The new project, an EG2 del Sol, was also built, featured and later sold before he finished this DC2. "Seriously, a couple years went by before I eventually got my Integra shell back." Ferd told us. "It took so long that I was actually surprised when I got the car home. You'd think that it was a good thing to get it back but I really started to doubt this project. It just seemed like there was nothing but bad luck with this car and with all the down time, I just got sick of waiting. I was at a crossroads; I could sell it because I had tons of inquiries, but I just couldn't picture someone finishing this project. It literally made me sick to my stomach. I wanted to crush the car because I didn't want to deal with it anymore and didn't want to worry about seeing someone else have the satisfaction of finishing it."
The turning point came when he acquired his K20A2 engine from Dan at R-Crew Racing. Seeing the heart of "Kranky" really gave him a new sense of motivation. Getting the parts to get the swap running became an issue since there was a particular way he wanted the engine bay to look. The negative thoughts came creeping into his head once again but his friend Fred Chapman became the voice of reason. He was with Ferd during the entire ordeal and wanted to see the build come to fruition as much as anyone. On a random night, Fred showed up at his doorstep and they installed the K-series that same evening.
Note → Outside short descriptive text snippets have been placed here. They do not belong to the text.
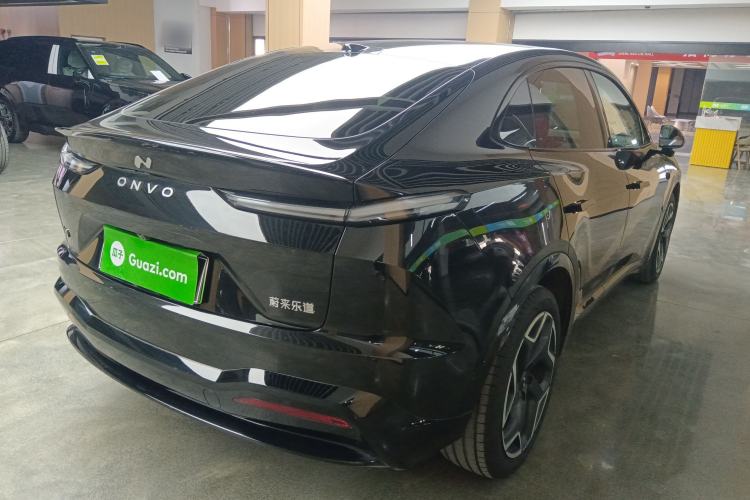 Used ONVO L60 2024 60 kWh Rear-Drive Version
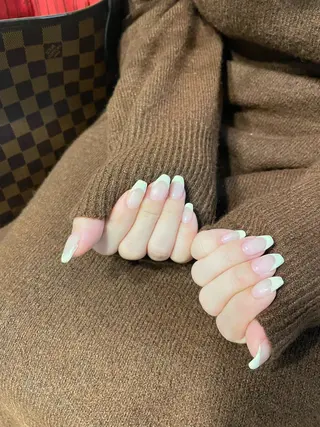 ネイル Lupto nail 【Jr.リカ】のネイルデザイン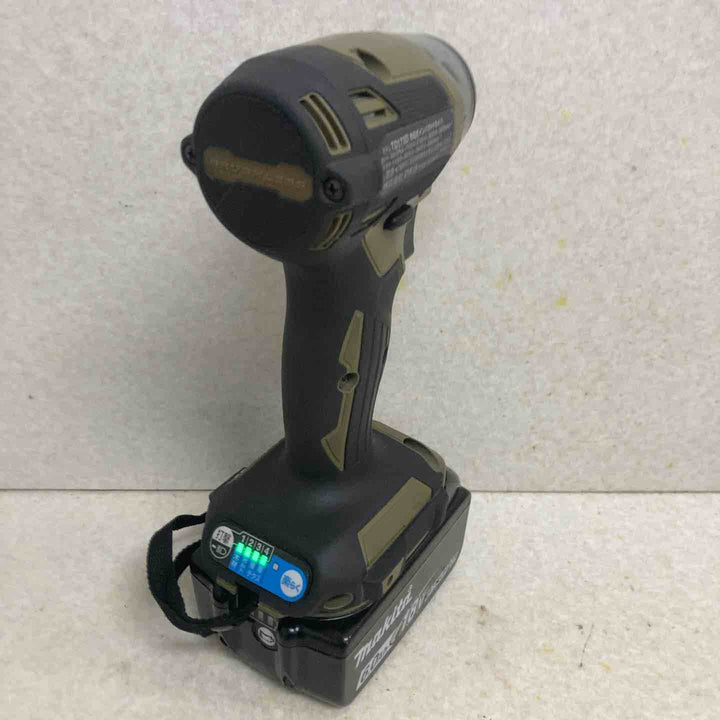 ★マキタ(makita) コードレスインパクトドライバー TD173DRGXO【町田店】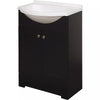 Zenith Home Euro Vanity Combo Espresso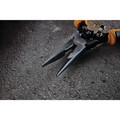 Pliers | Dewalt DWHT70277 Compound Action Long Nose Pliers image number 9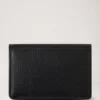 Continental-Kartenetui Schwarz Small Classic Grain Continental-Kartenetui Schwarz Small Classic Grain
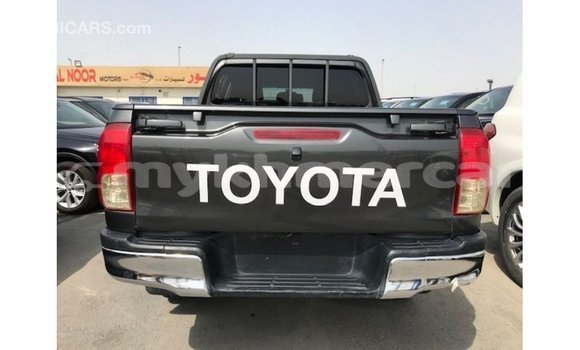 Buy Import Toyota Hilux Black Car in Import - Dubai in Kampot Province Buy Import Toyota Hilux Black Car in Import - Dubai in Kampot Province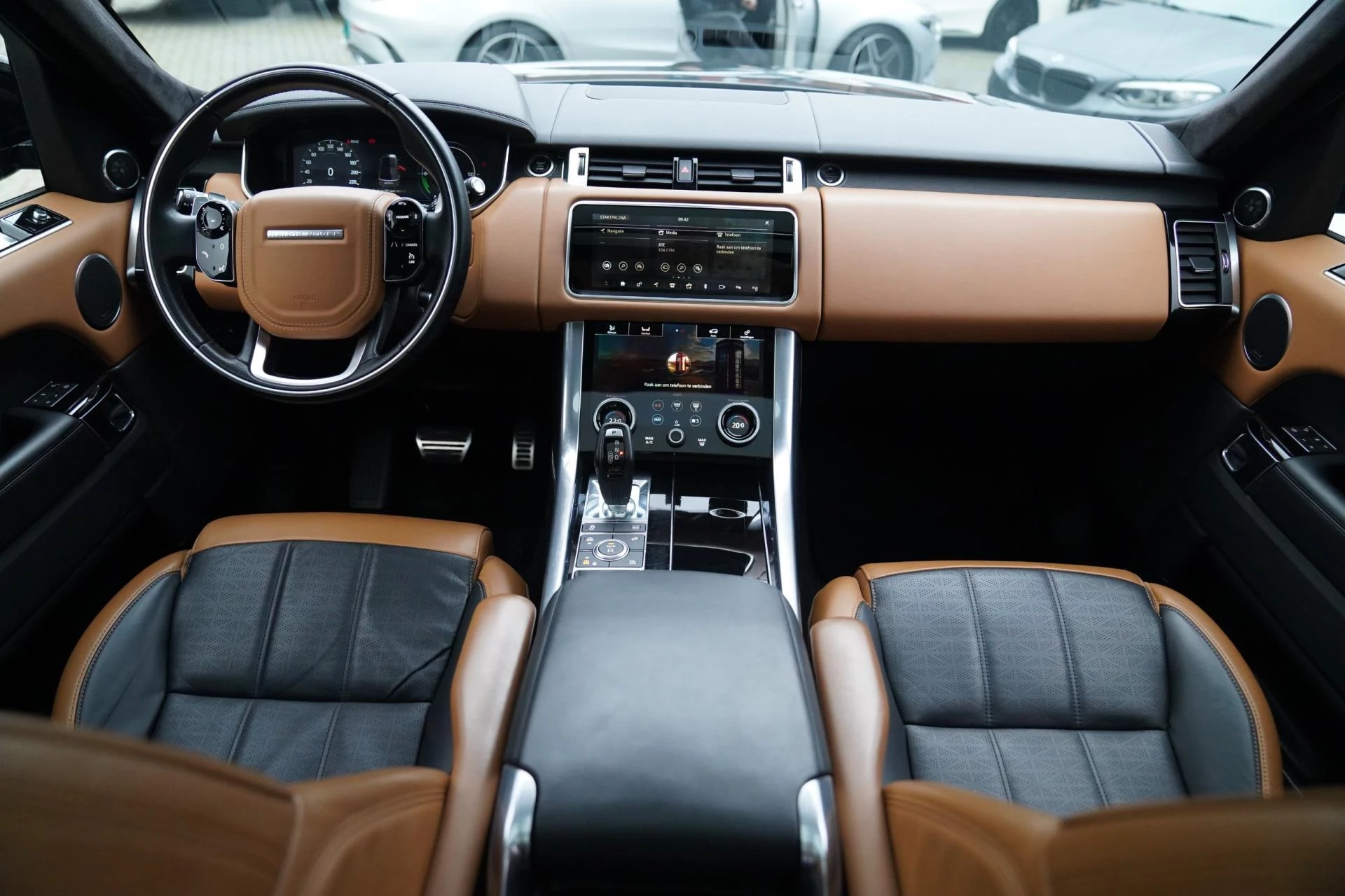 Hoofdafbeelding Land Rover Range Rover Sport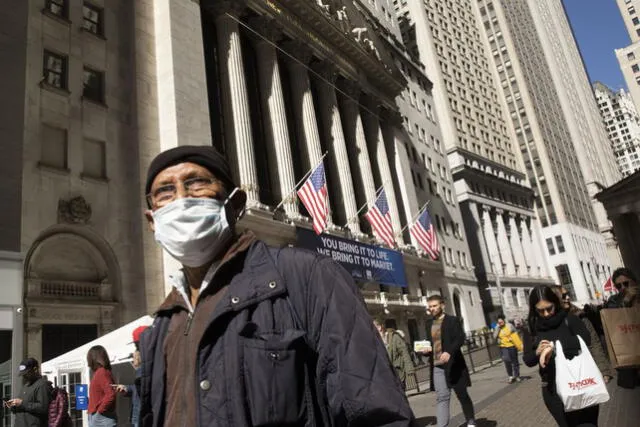  Los trabajadores en Estados Unidos pueden encontrar diversas oportunidades laborales. Foto: AP   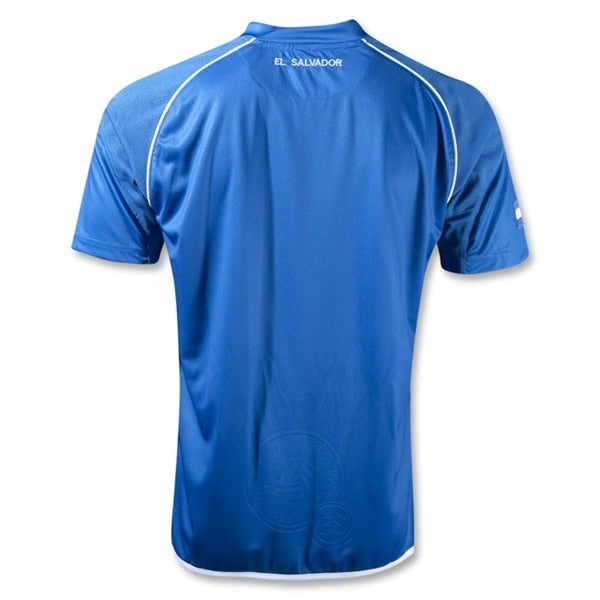 Mitre, Mitre Homme El Salvador 12/13 Home Jersey Bleu/Blanc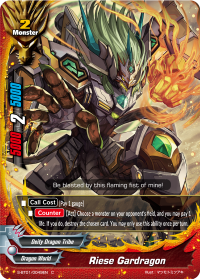 Riese Gardragon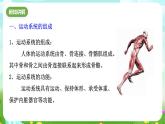 华师大版科学九下 4.2《运动与健康》第1课时 课件+教案+学案+素材
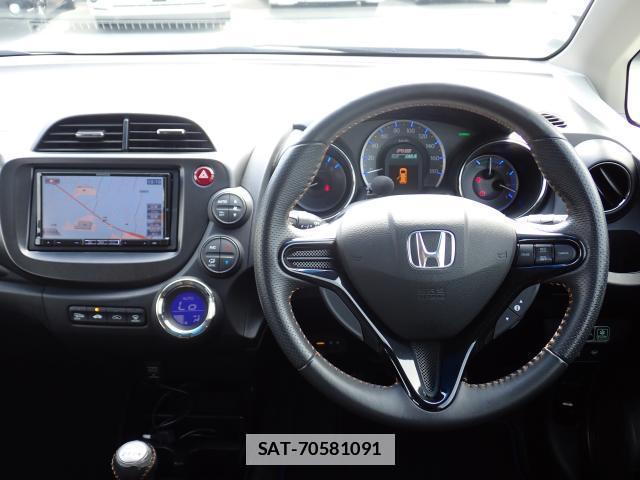 Honda FIT HYBRID 2012-06 7796062-17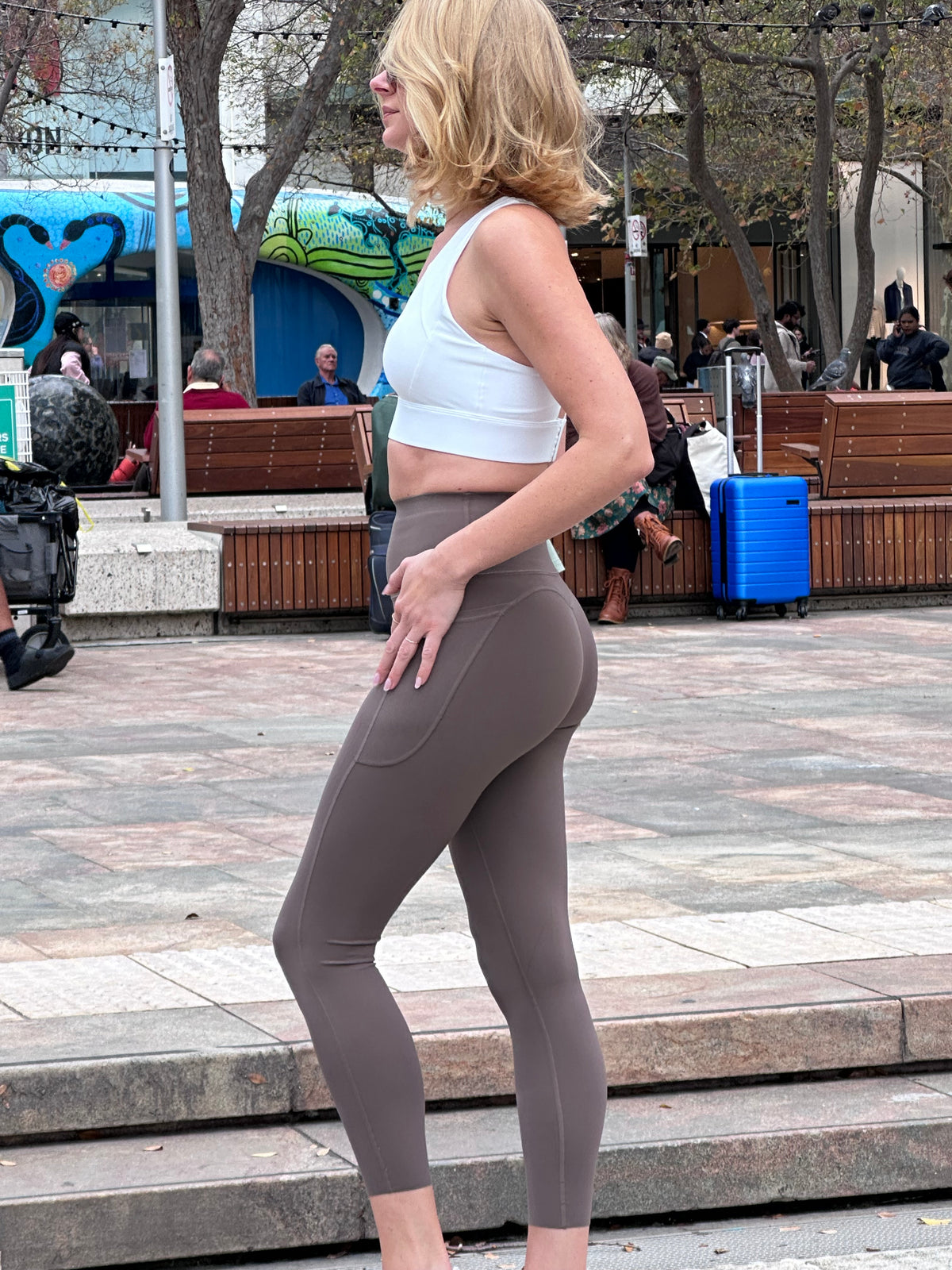 Putu Puspa Leggings with pocket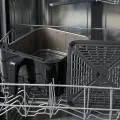 TESLA AirCook TrioZone Q636 XXL - multifunktionale digitale Heißluftfritteuse mit drei Zonen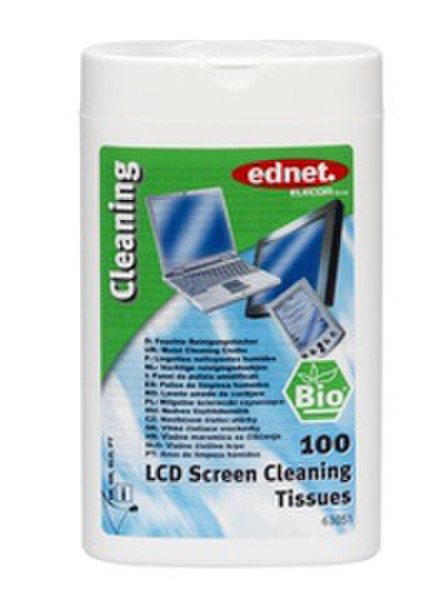 Ednet 63051 disinfecting wipes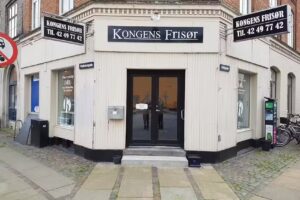 Kongens Fris&oslash;r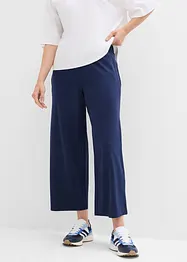 Jupe-culotte à poches et taille élastiquée, bonprix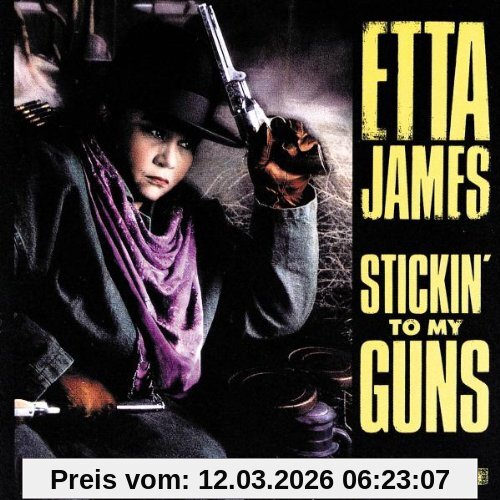 Etta James Stickin' To My Guns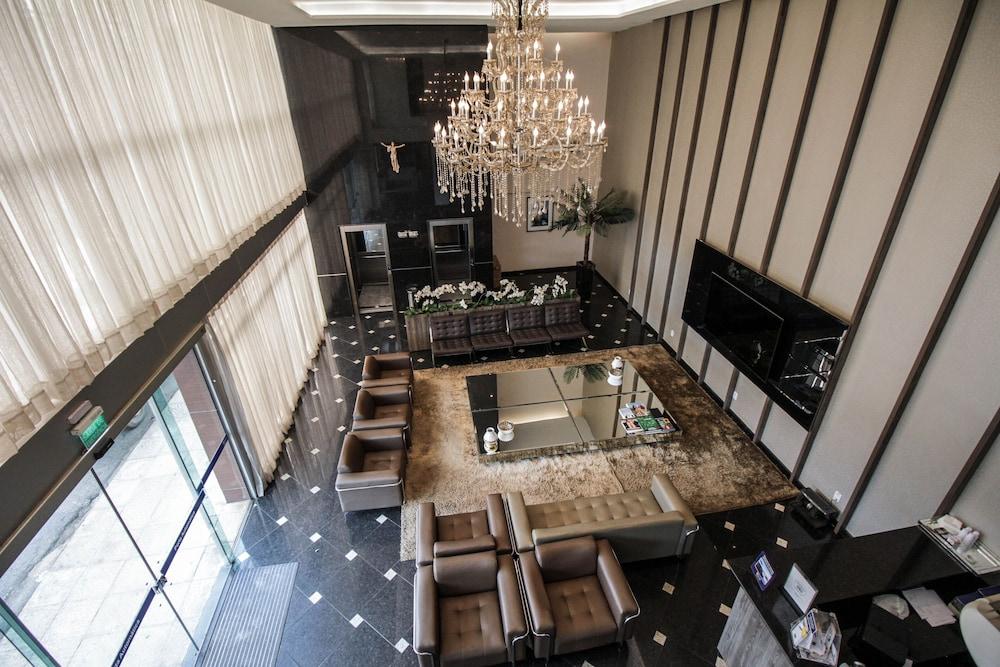 Oscar Hotel Executive Pôrto Velho Exteriér fotografie
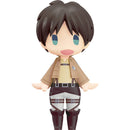 Good Smile Company Attack on Titan HELLO! GOOD SMILE Eren Yeager Figurine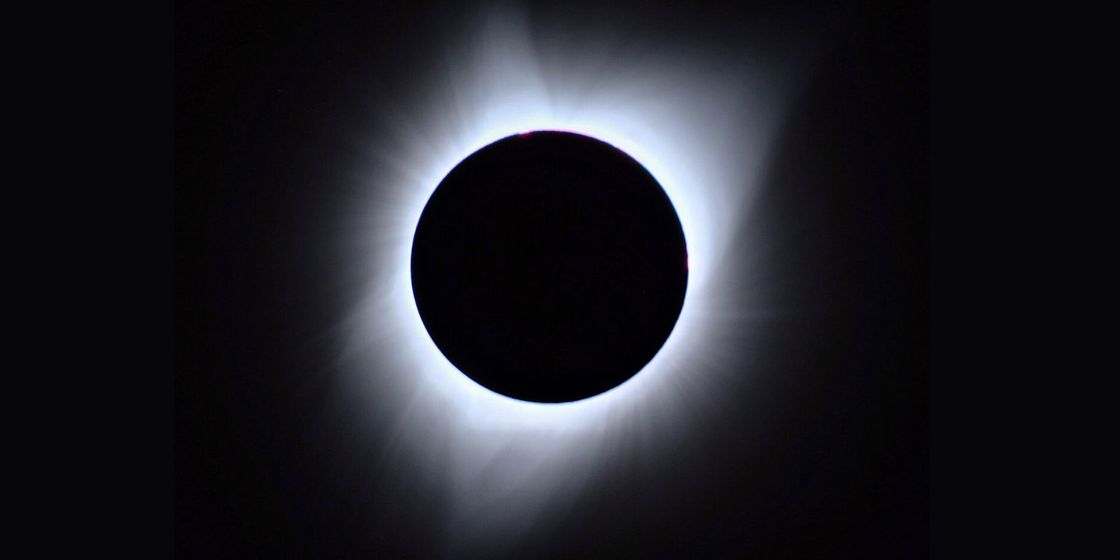 Total Solar Eclipse in Tennessee - The Cosmic Weirdness of Solar ...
Once the heart was transplanted, the duo was able to execute the cosmetic side of the engine bay in true ATS Garage fashion. As a Honda aficionado, you should already be familiar with their work, so it really needs no introduction. From the parts selection, color execution, to the smallest of details like the wrinkle black finish of his brake booster, you can tell this is a signature ATS Garage masterpiece. Everything was starting to fall into place until it came time to get the engine running. After all, it wouldn't be Kranky without some sort of dilemma. Ten years of build-up in the fuel tank and lines turned-out to be the issue. The metal lines were so corroded that the lines inevitably turned soggy and prevented fuel delivery to the engine. To make the Integra a little less "Kranky" the fuel tank was hot-tanked, cleaned and new fuel lines were plumbed.
"I'm happy to say that the car fired right up after that. We even got the car tuned by RedZone Performance and it made good power. This car has been with me for so long that I'm glad to see it finally completed. There were times when I lost my patience, nearly gave up and built other cars to occupy my time, but this DC2 Acura Integra will always be special," he added.
Despite us airing out Kranky's rough past, Ferd's build is honestly one of the best we have ever seen. It instantly captured our attention when it first debuted and we knew it was the perfect choice to grace the cover of this year's Honda Issue. ATS Garage builds are top tier and their builds continue to evolve with the times, almost to the point where they are the ones that set the precedent while still holding true to the old ways in which Hondas are built by a group of friends in tiny one-car garages.